• What the task asks: Lines from the top of the listing down to the one with "Thierry Mugler n'a", inclusive, are to be copied exactly.
>>
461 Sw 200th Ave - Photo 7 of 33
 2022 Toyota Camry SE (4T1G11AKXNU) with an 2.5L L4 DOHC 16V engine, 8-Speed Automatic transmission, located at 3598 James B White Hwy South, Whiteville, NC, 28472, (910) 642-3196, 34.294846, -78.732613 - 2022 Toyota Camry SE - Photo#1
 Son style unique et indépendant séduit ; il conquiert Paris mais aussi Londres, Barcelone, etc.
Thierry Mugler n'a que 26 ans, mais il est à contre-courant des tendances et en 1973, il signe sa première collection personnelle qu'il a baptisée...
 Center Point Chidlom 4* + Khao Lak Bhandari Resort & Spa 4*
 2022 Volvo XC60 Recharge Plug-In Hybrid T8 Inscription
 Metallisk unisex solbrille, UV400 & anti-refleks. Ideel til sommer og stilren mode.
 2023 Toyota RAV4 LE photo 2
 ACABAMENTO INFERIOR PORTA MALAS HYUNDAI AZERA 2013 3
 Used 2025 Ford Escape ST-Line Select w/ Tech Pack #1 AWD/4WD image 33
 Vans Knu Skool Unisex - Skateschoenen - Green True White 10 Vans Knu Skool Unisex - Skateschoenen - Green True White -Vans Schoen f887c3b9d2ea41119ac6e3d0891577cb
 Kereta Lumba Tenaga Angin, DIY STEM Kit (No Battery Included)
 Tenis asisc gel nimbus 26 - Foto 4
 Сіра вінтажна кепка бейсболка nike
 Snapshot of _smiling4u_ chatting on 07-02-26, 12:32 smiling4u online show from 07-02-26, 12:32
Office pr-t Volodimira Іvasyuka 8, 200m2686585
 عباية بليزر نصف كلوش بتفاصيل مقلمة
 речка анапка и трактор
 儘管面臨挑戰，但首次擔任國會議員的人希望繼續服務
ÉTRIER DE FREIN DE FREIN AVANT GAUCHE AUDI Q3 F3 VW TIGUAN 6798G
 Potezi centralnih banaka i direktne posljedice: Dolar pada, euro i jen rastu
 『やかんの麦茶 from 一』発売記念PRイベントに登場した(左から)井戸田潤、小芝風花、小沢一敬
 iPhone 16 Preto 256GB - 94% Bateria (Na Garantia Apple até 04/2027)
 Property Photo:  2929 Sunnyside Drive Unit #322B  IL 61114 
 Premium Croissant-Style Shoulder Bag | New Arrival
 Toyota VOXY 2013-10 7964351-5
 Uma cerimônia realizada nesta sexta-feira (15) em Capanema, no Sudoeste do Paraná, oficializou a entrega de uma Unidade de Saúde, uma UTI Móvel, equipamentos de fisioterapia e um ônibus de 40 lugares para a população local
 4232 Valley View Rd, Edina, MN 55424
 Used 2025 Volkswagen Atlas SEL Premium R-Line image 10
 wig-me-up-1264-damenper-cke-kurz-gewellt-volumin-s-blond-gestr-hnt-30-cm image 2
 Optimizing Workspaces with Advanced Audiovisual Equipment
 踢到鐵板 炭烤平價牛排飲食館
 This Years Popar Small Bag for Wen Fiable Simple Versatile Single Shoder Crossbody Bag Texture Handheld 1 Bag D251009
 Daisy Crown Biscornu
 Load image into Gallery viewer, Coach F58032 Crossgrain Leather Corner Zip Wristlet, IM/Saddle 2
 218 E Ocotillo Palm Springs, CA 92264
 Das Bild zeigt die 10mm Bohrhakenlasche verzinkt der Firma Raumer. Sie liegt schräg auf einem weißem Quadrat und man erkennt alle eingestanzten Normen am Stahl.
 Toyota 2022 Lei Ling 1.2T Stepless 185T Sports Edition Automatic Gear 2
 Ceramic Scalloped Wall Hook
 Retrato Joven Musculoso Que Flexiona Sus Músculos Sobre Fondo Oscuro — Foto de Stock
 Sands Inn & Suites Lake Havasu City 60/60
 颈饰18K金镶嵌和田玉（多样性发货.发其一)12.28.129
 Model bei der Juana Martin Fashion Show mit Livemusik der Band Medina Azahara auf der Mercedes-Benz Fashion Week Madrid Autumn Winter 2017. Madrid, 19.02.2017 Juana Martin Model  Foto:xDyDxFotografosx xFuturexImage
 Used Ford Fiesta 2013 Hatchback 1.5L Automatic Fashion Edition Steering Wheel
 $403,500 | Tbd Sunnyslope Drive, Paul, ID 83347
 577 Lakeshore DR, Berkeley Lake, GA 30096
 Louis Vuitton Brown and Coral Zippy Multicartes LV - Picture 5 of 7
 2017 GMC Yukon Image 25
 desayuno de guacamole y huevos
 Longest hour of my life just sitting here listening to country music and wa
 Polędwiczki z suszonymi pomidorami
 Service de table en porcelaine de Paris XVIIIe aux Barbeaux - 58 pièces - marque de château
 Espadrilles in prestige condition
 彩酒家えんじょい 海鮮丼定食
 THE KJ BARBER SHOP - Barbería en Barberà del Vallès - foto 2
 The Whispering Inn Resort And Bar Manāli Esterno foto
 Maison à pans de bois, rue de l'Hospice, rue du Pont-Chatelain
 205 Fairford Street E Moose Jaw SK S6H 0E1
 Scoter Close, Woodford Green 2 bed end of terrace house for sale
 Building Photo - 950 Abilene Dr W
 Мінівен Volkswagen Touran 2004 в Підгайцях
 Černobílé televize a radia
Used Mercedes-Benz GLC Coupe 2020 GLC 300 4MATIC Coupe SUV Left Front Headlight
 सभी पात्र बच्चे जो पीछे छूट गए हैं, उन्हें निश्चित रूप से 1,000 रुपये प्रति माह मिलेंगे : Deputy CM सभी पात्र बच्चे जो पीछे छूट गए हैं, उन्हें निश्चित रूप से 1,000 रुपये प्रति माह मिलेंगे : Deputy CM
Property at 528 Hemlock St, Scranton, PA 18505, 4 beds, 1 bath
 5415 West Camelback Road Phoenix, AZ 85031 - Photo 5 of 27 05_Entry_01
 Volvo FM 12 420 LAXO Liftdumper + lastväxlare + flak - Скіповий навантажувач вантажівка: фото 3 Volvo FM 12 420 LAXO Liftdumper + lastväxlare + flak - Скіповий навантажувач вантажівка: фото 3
<<
• Answer section:
461 Sw 200th Ave - Photo 7 of 33
 2022 Toyota Camry SE (4T1G11AKXNU) with an 2.5L L4 DOHC 16V engine, 8-Speed Automatic transmission, located at 3598 James B White Hwy South, Whiteville, NC, 28472, (910) 642-3196, 34.294846, -78.732613 - 2022 Toyota Camry SE - Photo#1
 Son style unique et indépendant séduit ; il conquiert Paris mais aussi Londres, Barcelone, etc.
Thierry Mugler n'a que 26 ans, mais il est à contre-courant des tendances et en 1973, il signe sa première collection personnelle qu'il a baptisée...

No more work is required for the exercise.